Thirdly, I believe that we need to work on a stronger Europe when it comes to security and defence matters. Yes, Europe is chiefly a ‘soft power’. But even the strongest soft powers cannot make do in the long run without at least some integrated defence capacities. The Treaty of Lisbon provides for the possibility, for those Member States who want to do so, to pool their defence capabilities in the form of a permanent structured cooperation. It also allows, for Member States who want to do so, to engage in joint EU missions in crisis zones if needed, as would have been necessary from the start in Mali or in South Sudan. And for Member States to create synergies when it comes to defence procurement. In times of scarce resources, we need to match ambitions and resources to avoid duplication of programmes. More than 80% of investment in defence equipment is still spent nationally today in the EU. More cooperation in defence procurement is therefore the order of the day, and if only for fiscal reasons.
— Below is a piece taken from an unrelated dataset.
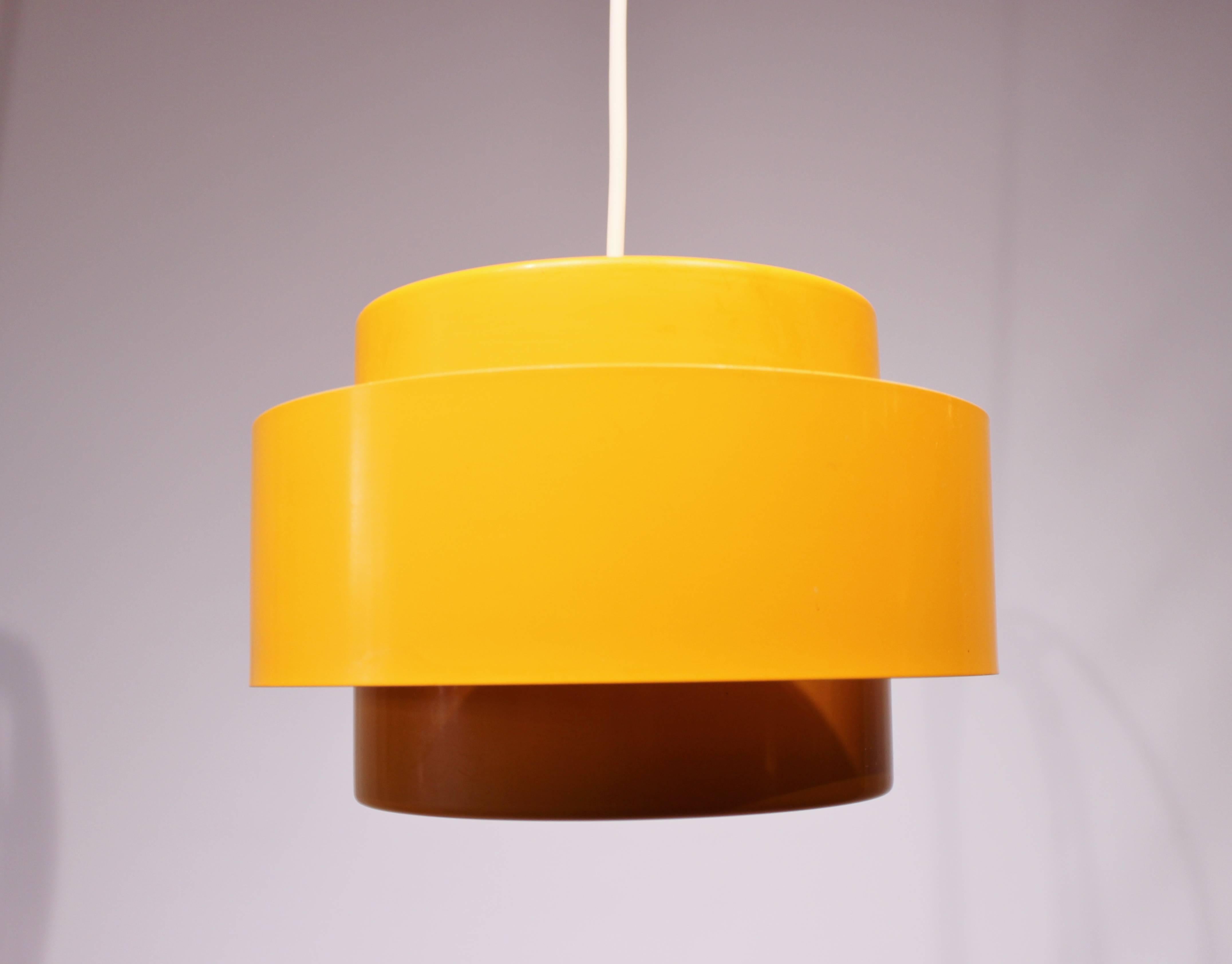 Juno pendant with dark yellow metal shades designed by Jo Hammerborg for Fog and Mørup, from the 1960s. The lamp is in great vintage condition.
Fourthly, when it comes to enlargement, this has been undoubtedly a historic success and created a zone of stability and peace on our continent. However, Europe now needs to digest the addition of 13 Member States in the past 10 years. Our citizens need a pause from enlargement so we can consolidate what has been achieved among the 28. This is why, under my Presidency of the Commission, no further enlargement will take placed rover the next five years. Ongoing negotiations will of course continue, and notably the Western Balkans will need to keep a European perspective. But there will be no further enlargement. Alternatives such as association agreements and privileged partnerships will have to be given priority. As regards Turkey, the country is clearly far away from EU membership. A government that blocks social media is certainly not ready for accession.
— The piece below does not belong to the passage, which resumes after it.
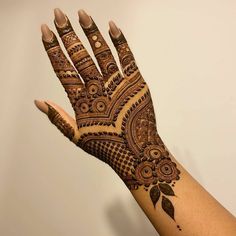 a hand with henna on it that is showing the intricate pattern and design,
Ultimately, the hallmark of a successful European foreign and security policy is what it can achieve that cannot be achieved nationally. The EU must come back to its roots, and do those things together that are best done together. To do this, we need to make clear that co-operating at EU level does not involve a loss of national sovereignty, but instead allows for new room for manoeuvre. As times have repeatedly shown, the EU is best - for its citizens, and its constituent nation-states - when it stands together in unity.
It is time to build a real bridge between the Justus Lipsius Council building and the European Commission. Anyone familiar with Brussels’s notoriously chaotic traffic situation knows how important this is - not as a one-way path, but to allow for a safe interchange, in both directions. The faster we make progress on this, the stronger Europe will be when it comes to preventing crises in our neighbourhood from escalating further.